• ABOUT THIS EXERCISE: Take the line containing "Nobody's Child Verity" and all lines after it, through the end of the material, and repeat them exactly, pictures left out.
====== MATERIAL SHOWN
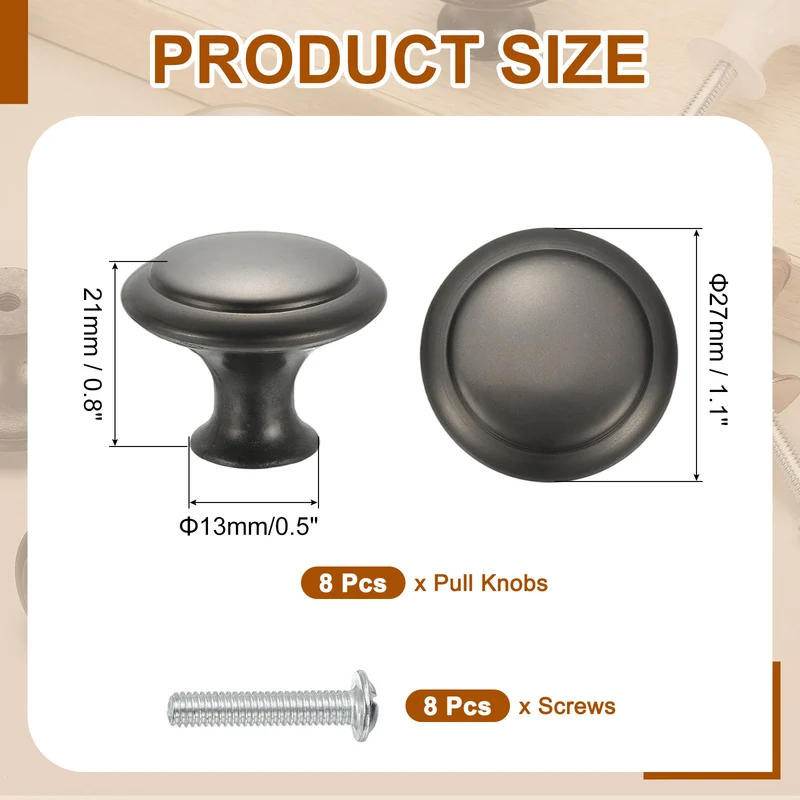 8 Pcs Stainless Steel Knobs, Single Hole Pull with Screw, 27mm Grey
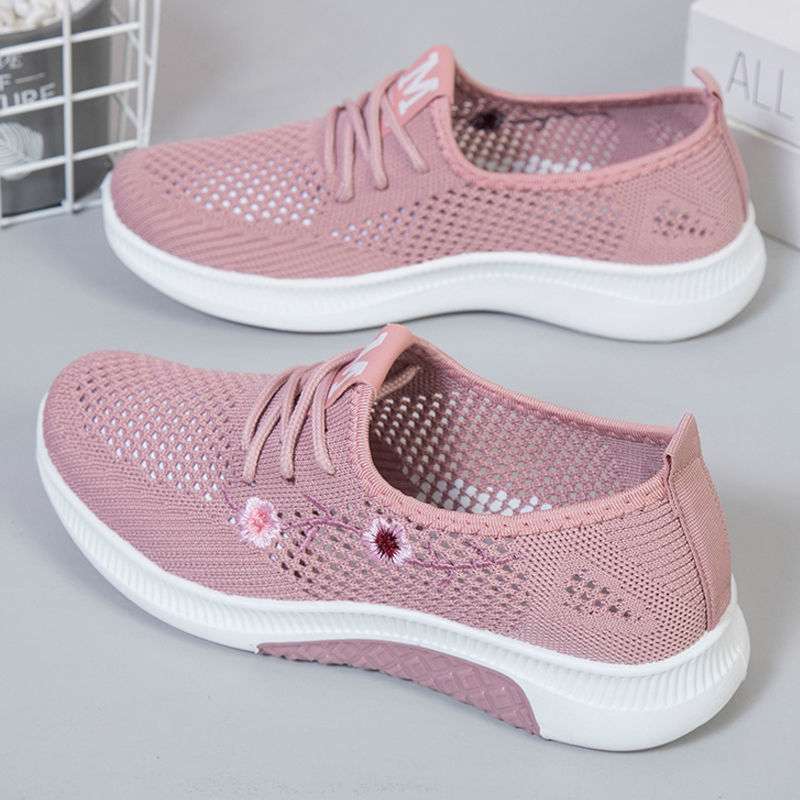 Summer Old North Cloth Shoes Women's Mesh Breathable Casual Shoes Soft Sole Non-slip Mesh Shoes Flat Sole One Pedal Mother Shoes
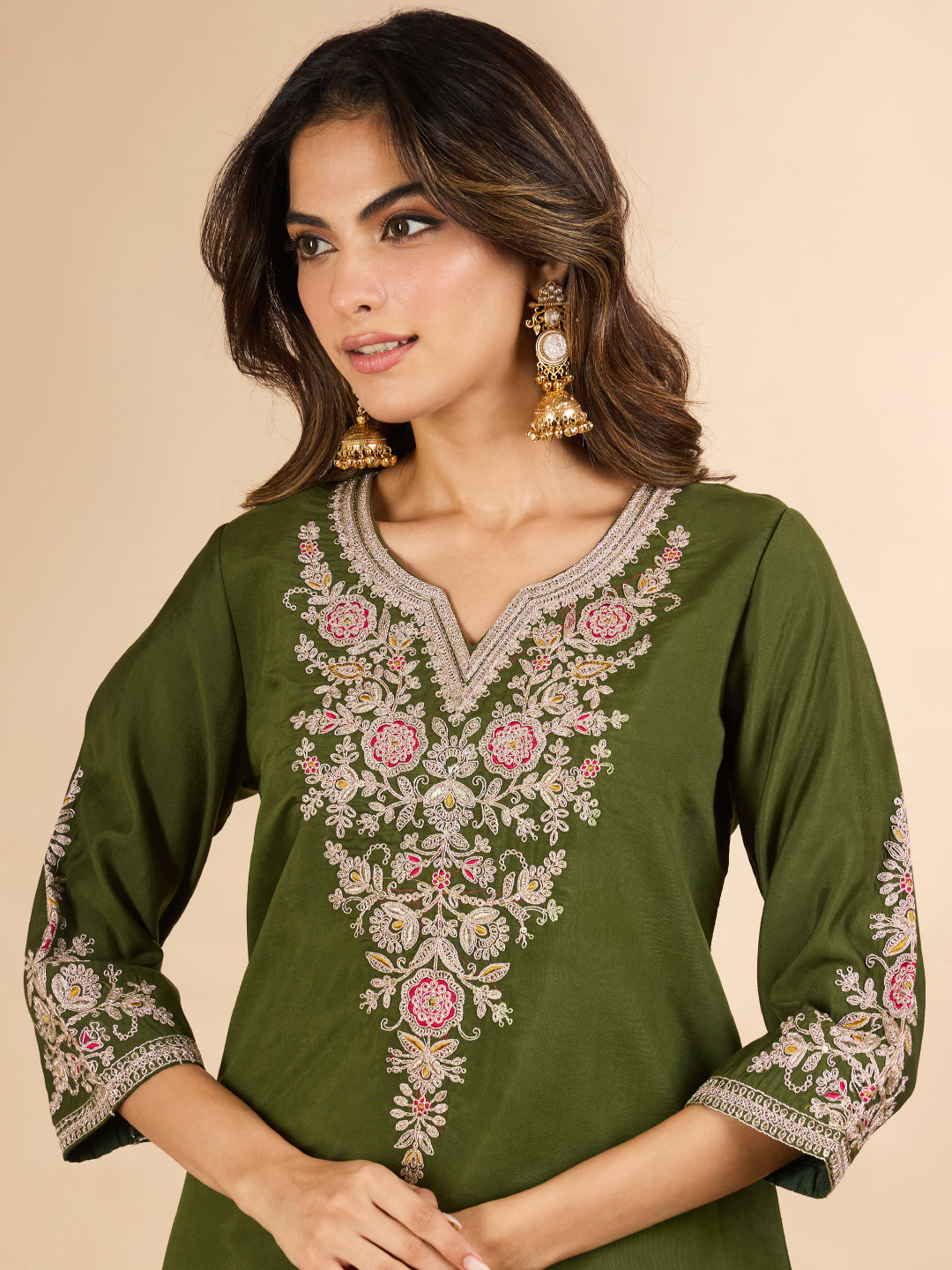 Janasya Women's Olive Green Chanderi Silk Floral Zari Embroidered Straight Kurta with Sharara and Dupatta Set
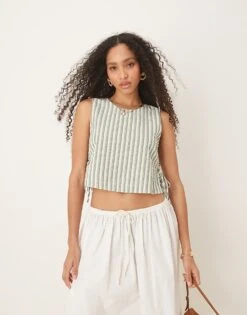 Nobody's Child Verity Tie-side Linen Top In Beige Stripe For Women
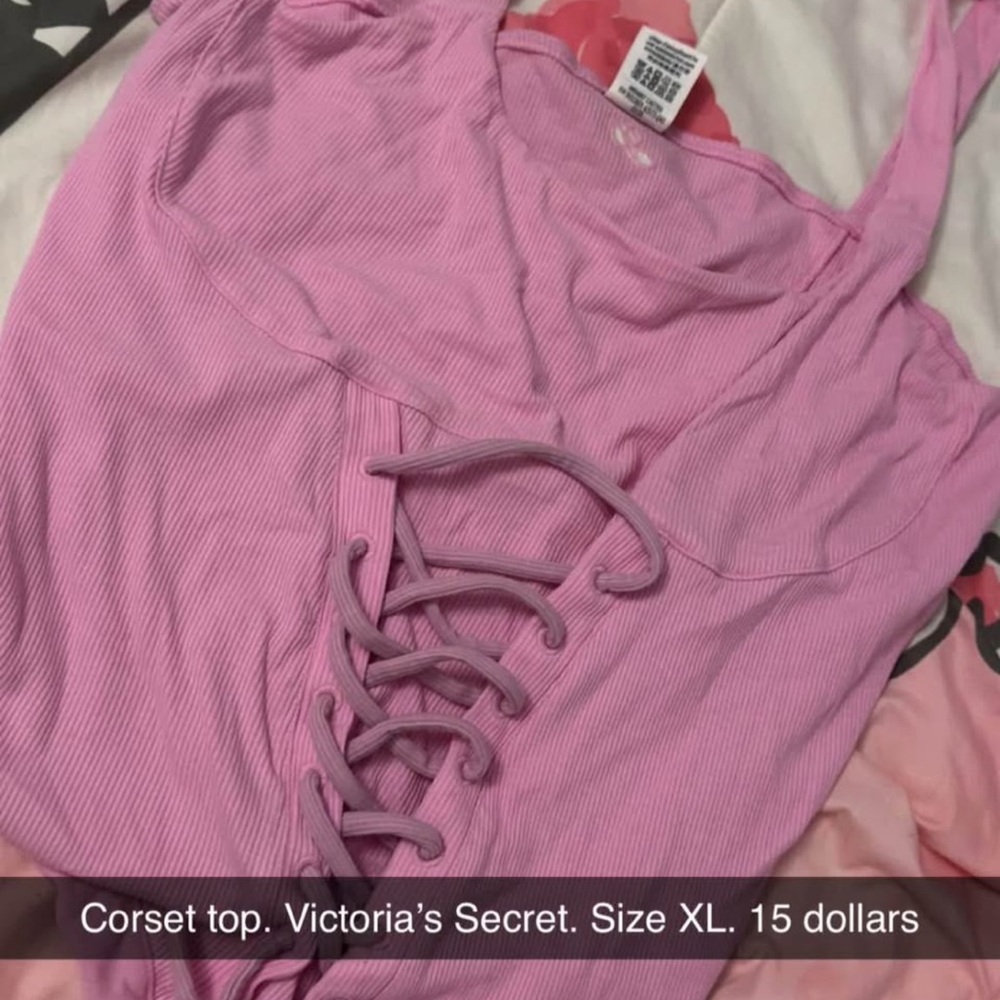 Victoria's Secret Light Pink Lace-Up Corset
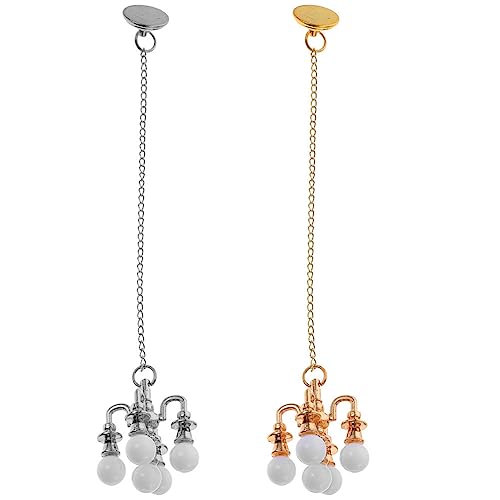 USHOBE 2 Piezas Candelabro De Casa De Muñecas Accesorio De Muebles De Casa Mini Modelo Microscópico De Luz Luces Colgantes De Casa De Muñecas 1 12 Luminarias Bebé Bola Blanca El Plastico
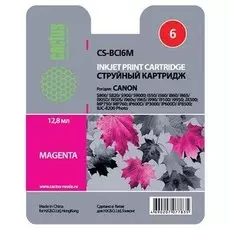Струйный картридж Cactus CS-BCI6M (BCI-6M) пурпурный для Canon S800, S820, S900, S9000, i550, i560, i860, i865, i905d, i950s, i960x, i965, i990, i9100, i9950, JX500, MP750, MP760, iP600d, iP3000, iP600d, iP8500, BJC8200 (270 стр.)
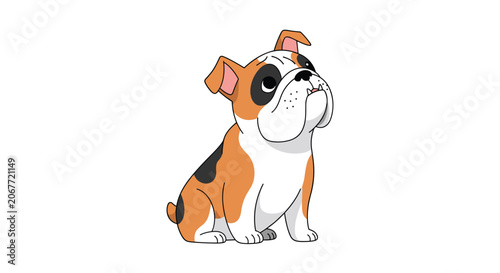 Cute cartoon bulldog puppy with brown and black patches looking upwards with large expressive eyes on a white background.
============
• FINAL ANSWER:
 Nobody's Child Verity Tie-side Linen Top In Beige Stripe For Women
 Victoria's Secret Light Pink Lace-Up Corset
 USHOBE 2 Piezas Candelabro De Casa De Muñecas Accesorio De Muebles De Casa Mini Modelo Microscópico De Luz Luces Colgantes De Casa De Muñecas 1 12 Luminarias Bebé Bola Blanca El Plastico
Струйный картридж Cactus CS-BCI6M (BCI-6M) пурпурный для Canon S800, S820, S900, S9000, i550, i560, i860, i865, i905d, i950s, i960x, i965, i990, i9100, i9950, JX500, MP750, MP760, iP600d, iP3000, iP600d, iP8500, BJC8200 (270 стр.)
 Cute cartoon bulldog puppy with brown and black patches looking upwards with large expressive eyes on a white background.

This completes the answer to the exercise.